The summer ended. We went back to college. Life went on. There was no text messaging, snap chat or instantaneous correspondence. We would have had to write each other a letter. Or heaven forbid, make a phone call, actually talk to each other, but that would have been a long distance phone call.
You just go on. Happy for the memories. Happy for the fun. Back to the real world.
The second summer. It was a heart break summer. Well, after my 21st birthday anyway. Up until then it was pretty fun. But I do remember being completely heart broken for half of a summer.
The third summer. We didn't have a third summer together. I went off to Europe for school. He had run off and married another girl. He was all of 20 years old. I still remember hearing the news. It was heart-breaking.
Life goes on. We lose touch. I always wondered what it would have been like if we had the third summer together. Instead of resolving unanswered questions, it made us just wonder "what ever happened???" "Where did they go?" Going on with our lives, but in the back of our minds, wondering "what if". At least that was me.
When we did re-connect it was many years later. We were both divorced. I had two boys. He had a girl. He's probably one of my dearest friends. Romantically, we wouldn't have worked out. We would have figured that out the third summer. And then, we would have never reconnected. I wouldn't have wondered what happened to him. I would have known.
See, he's everything I tried so hard to get away from. He's a bit messy. He didn't want more out of life - he was given what he needed. He likes trashy women. Man, I still love him, but really we need to help his taste in women. He's an incredible friend. Very loyal. I would have known all this years ago. And my boys would have missed out on an Uncle whom they adore.
This year, I finally got my third summer. Only this time, it was another summer love. The first summer was filled with romance. The second with heartache and the third, well contentment on my part. I don't need to wonder "what if". I know the answer to that.
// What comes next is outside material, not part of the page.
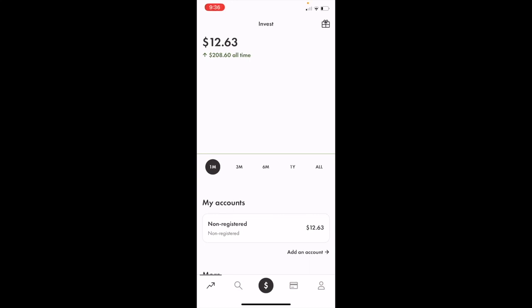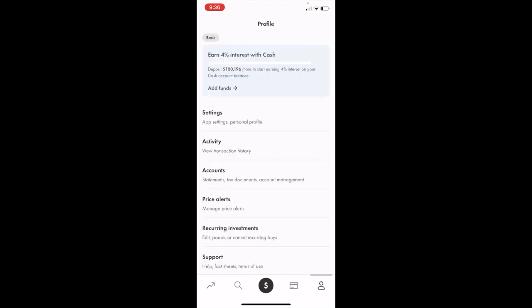In this Wealthsimple Trade tutorial, I'm going to show you how to change the background to dark mode. Once you have Wealthsimple Trade open on your device, go to the bottom right icon — the person icon — and press on it to open the profile screen.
He's neat, not sloppy. He pretends he likes quality, but his taste in conversation and how he treats his girlfriend, well, that's not quality. And, he's not the good friend he says he is. All that matters to him is "how long you've known him" - not the quality of the relationship.
So now, the nice thing is, that I don't have to spend the next 10 years wondering "what if". I'm sad that my sons won't have a male friend to admire, but it's a small price to pay for the quality of our life. We know we turn out okay.
And one day, I may get my third summer with my first summer romance, but it's okay if I don't, I know whom I really am and how it turns out. Never really wondering what would have happened that third summer.